Il commence par nous parler de ses premières
influences, de l’âge d’or de la bande-dessinée en Belgique. Très jeune, il est
attiré vers un certain genre d’humour, satirique, voire noir. Il cite Hara
Kiri, Monty Python et Ricky Gervais et on apprend au passage ce qui le fait
rire : déranger l’autorité, le poil à gratter chez les gens trop sérieux, une
mouche sur le nez du président normal …
Si Geluck sait faire rire, il sait aussi faire
réfléchir. Quand on l’interroge sur l’humour, les définitions ne manquent pas.

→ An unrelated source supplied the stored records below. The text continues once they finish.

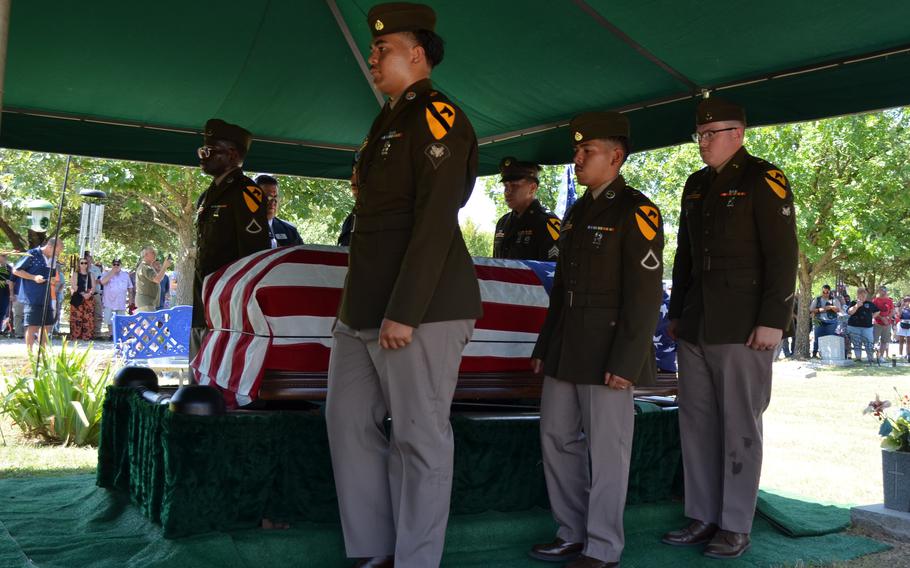 Soldiers stand on both sides of a coffin that has an American flag draped over it.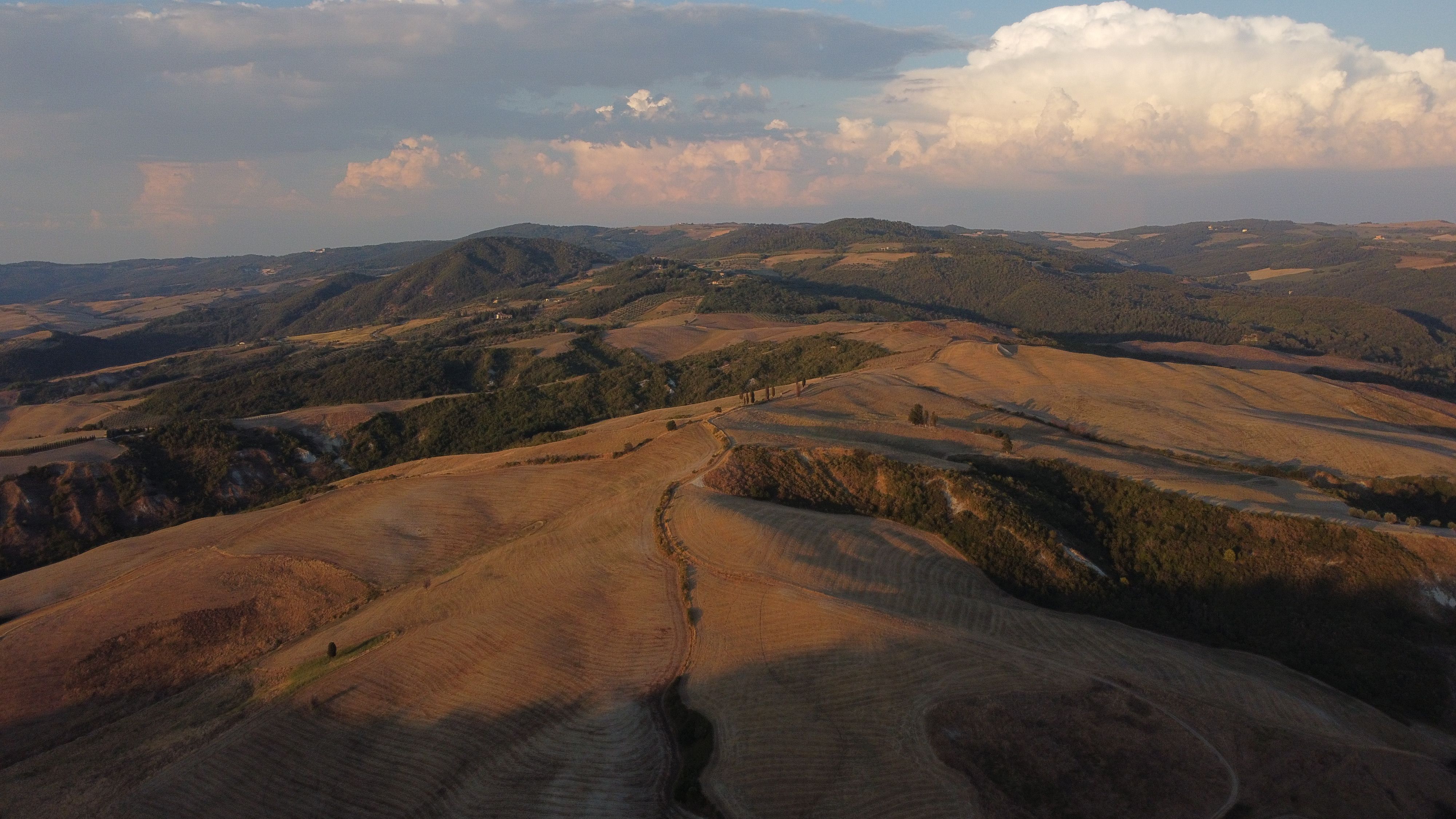 A breathtaking aerial view of the rolling hills in Tuscany during sunset.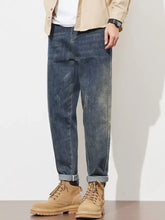 Men’s washed loose fit dark-wash denim jeans with subtle fading, distressed details, relaxed fit, and rolled cuffs
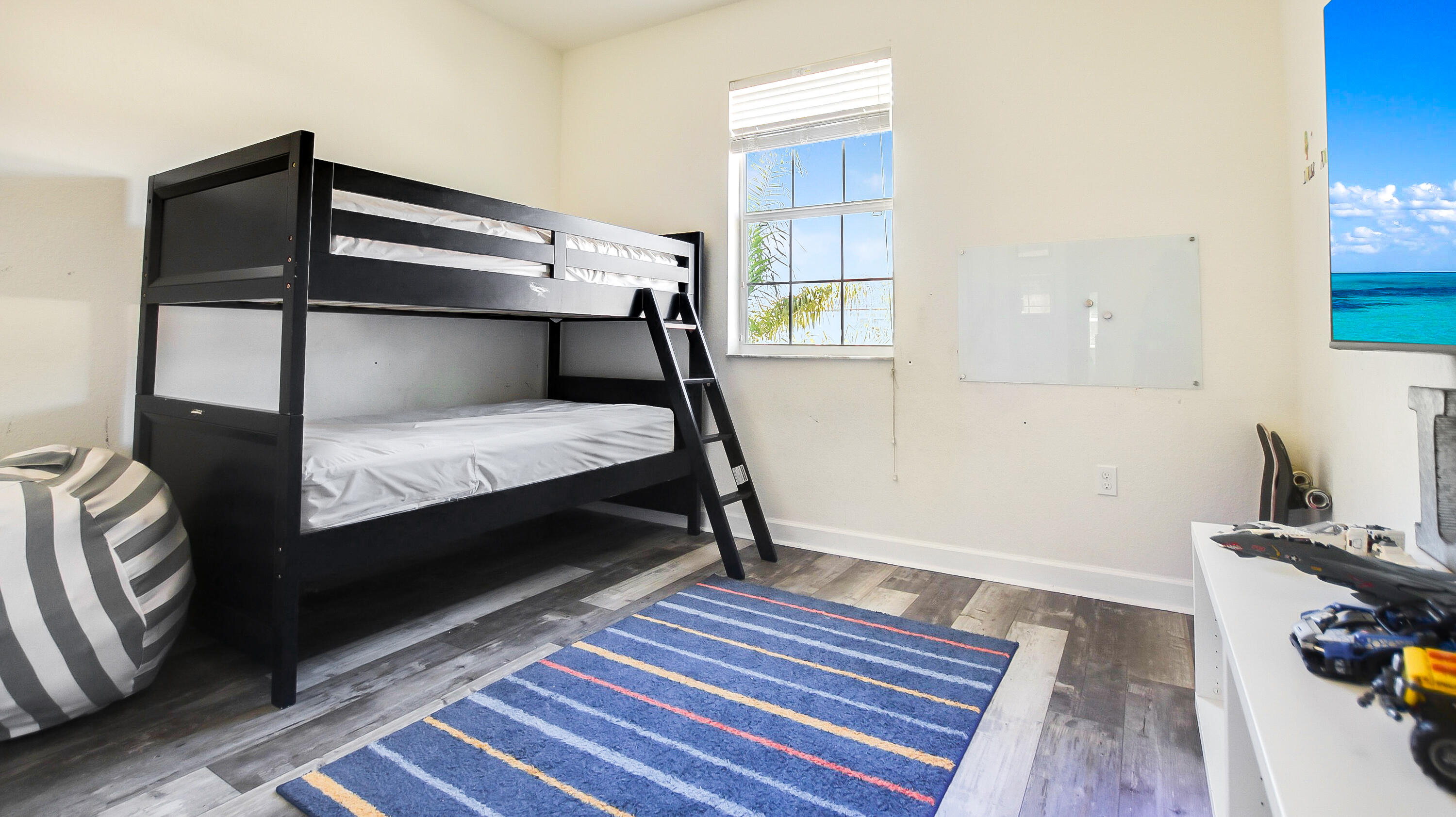 9658 Southwest Purple Martin Way Stuart, FL 34997 - Photo 24 of 35 Bedroom 3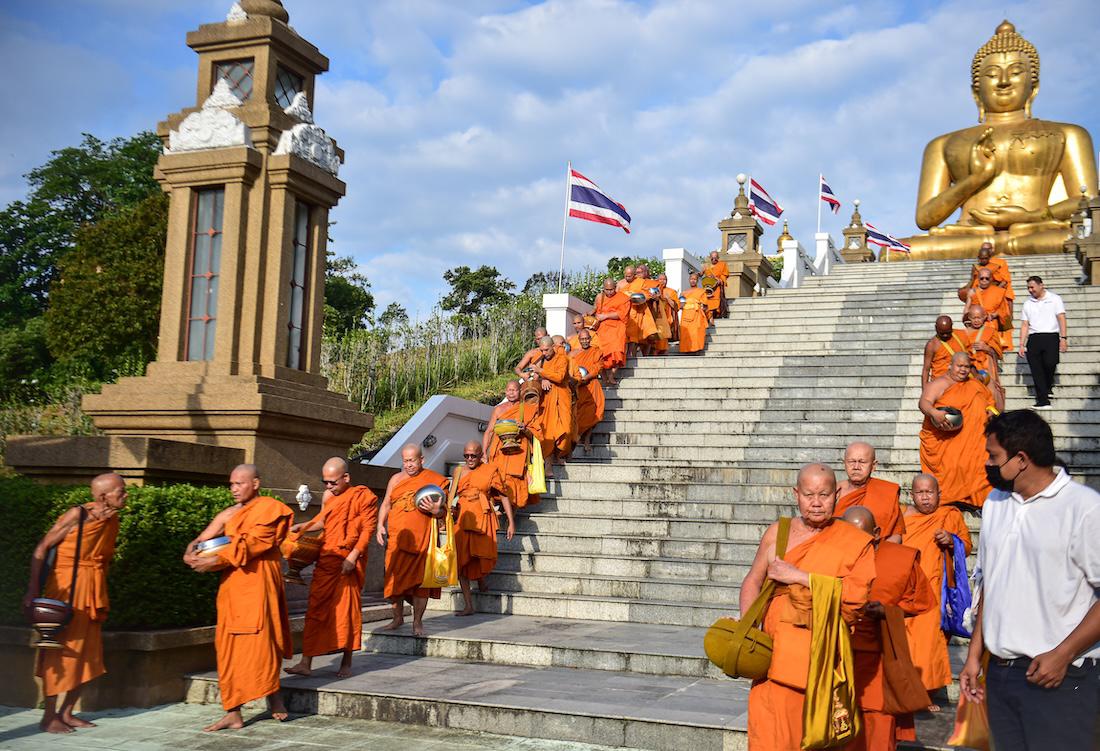 Buddhist monks arrive to receive offerings from devotees near a giant Buddha statue during an event to mark Makha Bucha Day in the southern Thai town of Narathiwat. (File/AFP)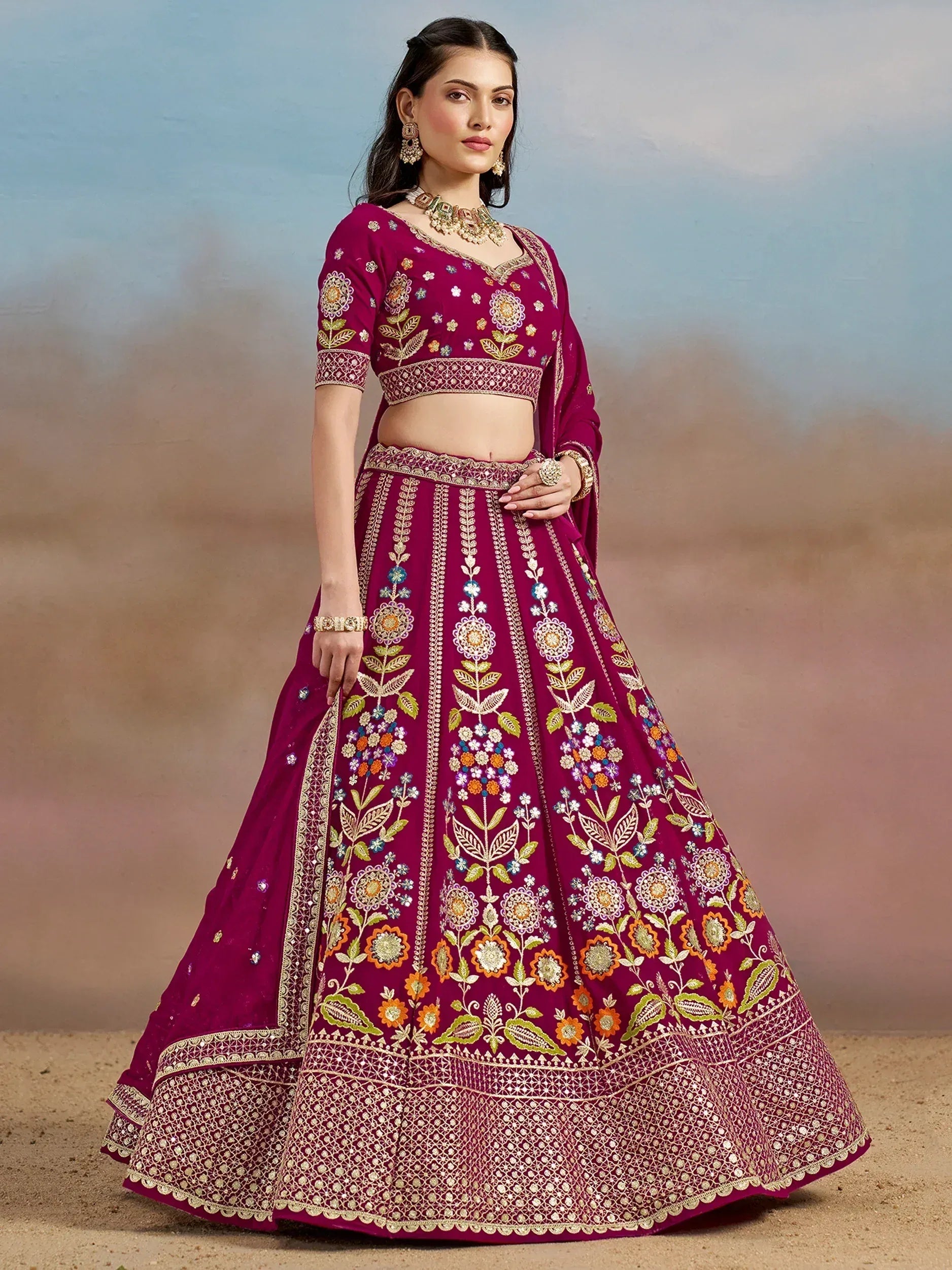 Elegant maroon lehenga choli with floral embroidery, perfect for Indian weddings and festive occasions.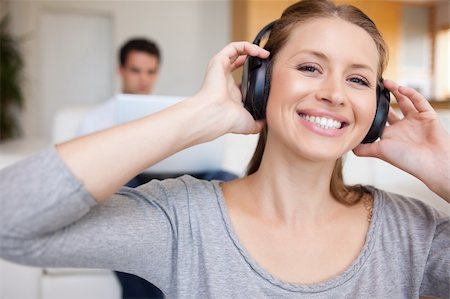 simsearch:400-05209351,k - Smiling woman with headphones on with man sitting behind her on the sofa Stock Photo - Budget Royalty-Free & Subscription, Code: 400-05740926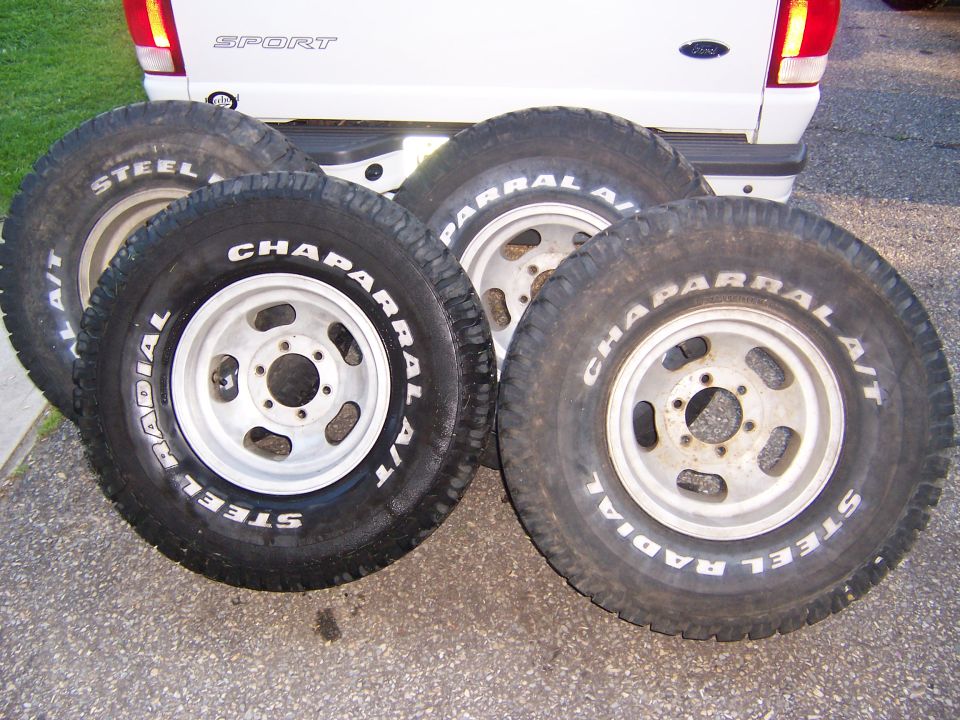 four Chaparral A/T steel radial tires on aluminum wheels stacked in front of a white pickup truck bed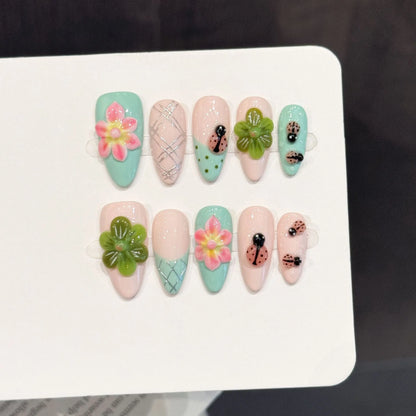 Summer Flower almond press-on nails with fresh 3D flower ladybug garden design on hand - lifestyle shot 🌸🐞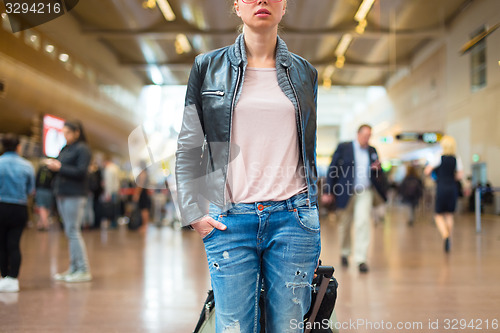 Image of Female traveller walking airport terminal.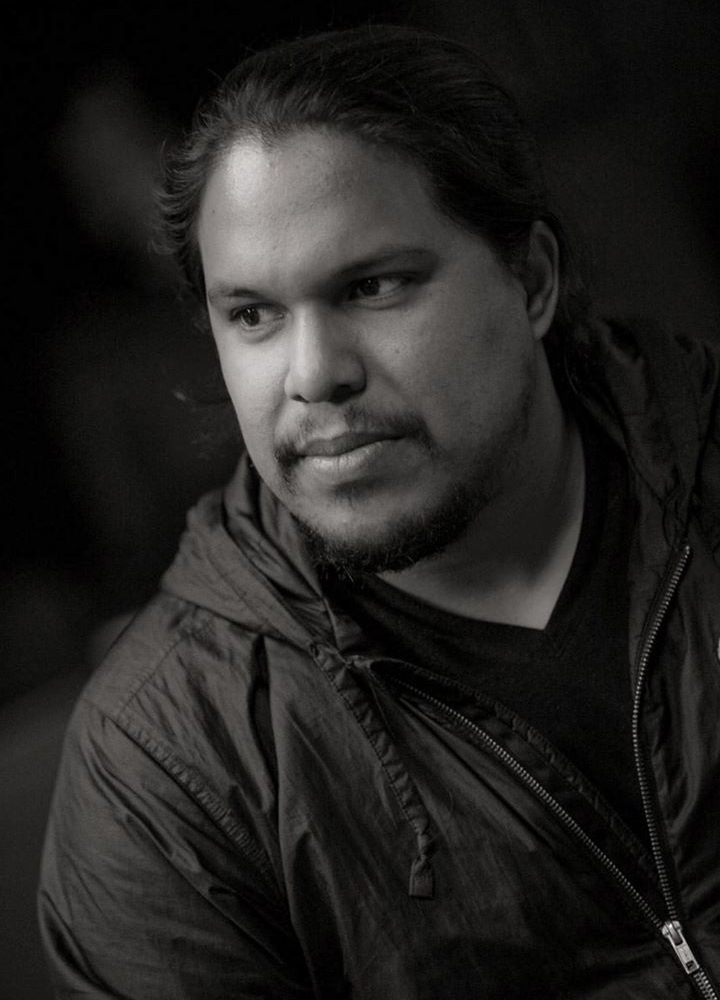 Headshot of Bryan Parras, looking off into the distance and wearing a grey hoodie and black shirt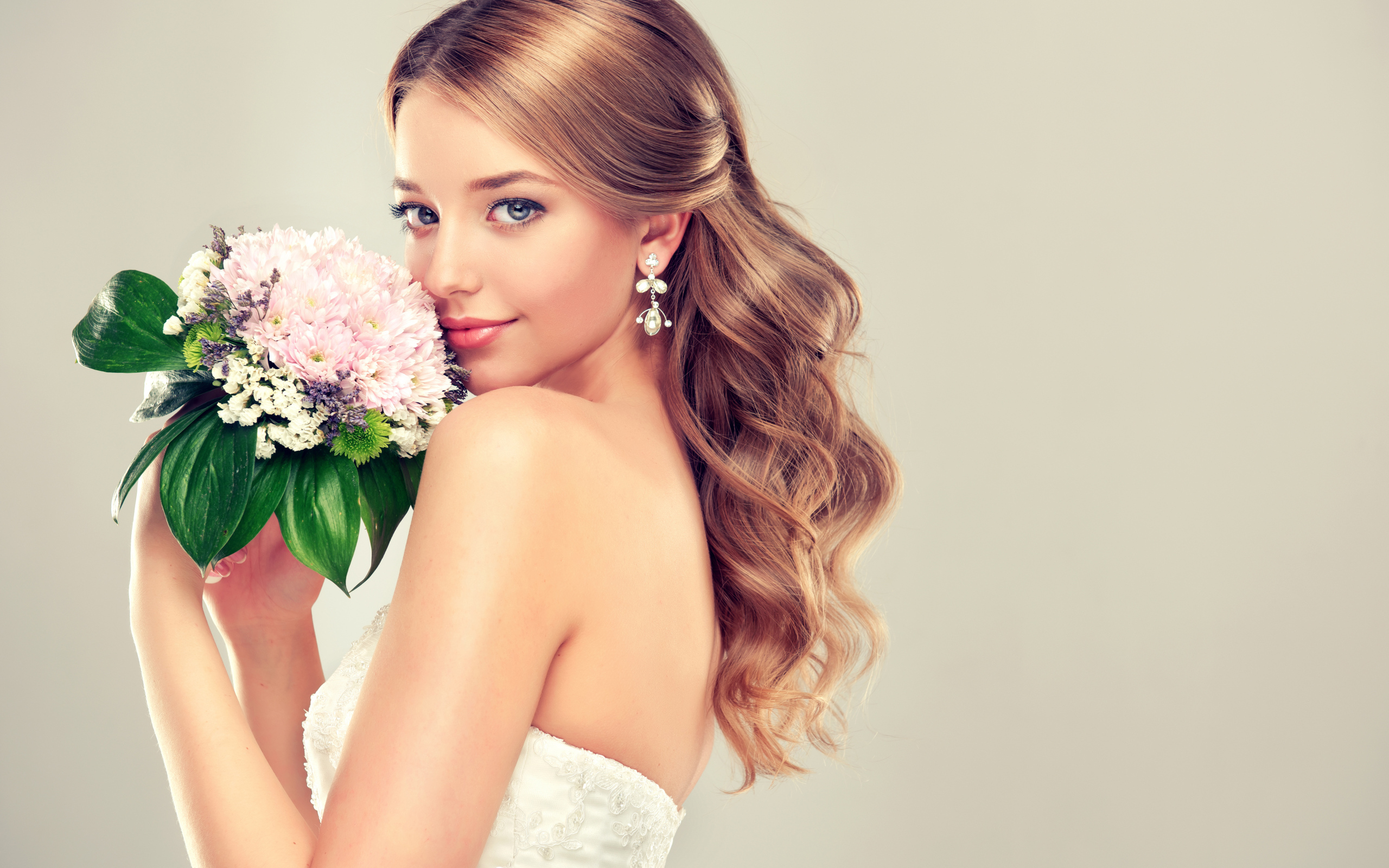 Красивая девушка невеста с букетом цветов на сером фоне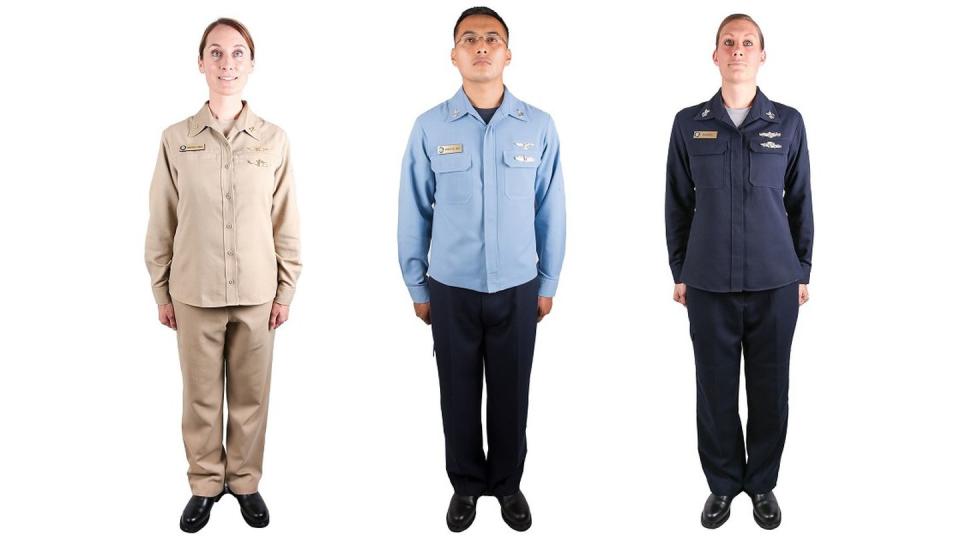 Sailors pose in three prototype versions of two-piece flame-resistant organizational clothing in May 2018. The Navy is starting to distribute 2POCs, and they will become more widely available next year. (MC2 Stacy M. Atkins Ricks/Navy)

L’humour, c’est flirter avec le mauvais goût ; l’humour, c’est le déséquilibre
inattendu ; l’humour est synonyme de vie, d’amour ; c’est une vertu
positive et vitale ; l’humour est aussi un moyen de dialoguer. Mais
l’humour, c’est avant tout la liberté.
Dans le contexte sensible de l’attentat
Charlie Hebdo, qui dit liberté pense à la liberté d’expression, à laquelle on a
porté atteinte le 7 janvier 2015. Alors l’humoriste revient sur la question posée
par son essai de 2013, Peut-on rire de
tout ? Un peu moins qu’avant, se désole Geluck. Puis, vite rattrapé
par son positivisme évident, il se corrige : oui, on peut rire de tout, mais
pas avec tout le monde. D’où l’importance, pour faciliter le dialogue par
l’humour, d’insister sur les points communs, sur les valeurs universelles.
Flirter avec le mauvais goût mais sans aller trop loin … parce que nous
n’avons pas tous appris à rire de la même façon, parce que défendre la liberté
d’expression, c’est bien mais faire rire avec de la responsabilité, c’est
mieux.
Geluck évoque un devoir de dialogue,
d’ouverture, de tolérance et d’écoute. Pour lui, la liberté d’expression n’est jamais
totale, elle est en constante évolution et n’est pas à l’abri de phases de
resserrement.
© Photo Berny Sèbe |
© Photo Berny Sèbe |
Pour dissiper les tensions quand le sérieux commence
à s’installer, Geluck parle de son « compagnon de création » et
« compagnon de route » qui ne cesse de l’émerveiller, Le fameux Chat.
Il
nous dit que Le Chat est en quelque sorte un Robin des bois du gag qui vise
surtout les salopards et l’autorité. Il est là pour exorciser les démons, pour
aborder les sujets graves et angoissants avec légèreté. Quelques images pour
illustrer ce qu’il veut dire et c’est le fou rire général !
© Photo Berny Sèbe |
L’artiste nous révèle que sa plus grande peur n’est
pas de se lasser mais plutôt de manquer d’inspiration. Alors justement, comment
lui vient cette inspiration qu’il accueille toujours comme un miracle ?
Lectures, immersion dans divers sujets, voire rêves d’abeilles et de
moustiques !
L’heure défile et la discussion se tourne vers
la Belgique natale du dessinateur, ce « pays de boutiquiers », pour
citer Baudelaire, que Geluck trouve étrange et attachant. Il la voit comme une planète
d’influences, un berceau d’artistes et de créateurs qui plait pour son côté
décalé et pour son absence totale d’arrogance mais qui pourtant a du mal à
s’aimer.
Avant de nous quitter, Geluck nous parle de son nouveau travail avec Le Chat, des tableaux et des statues, de son agenda chargé, des ventes aux enchères et œuvres caritatives.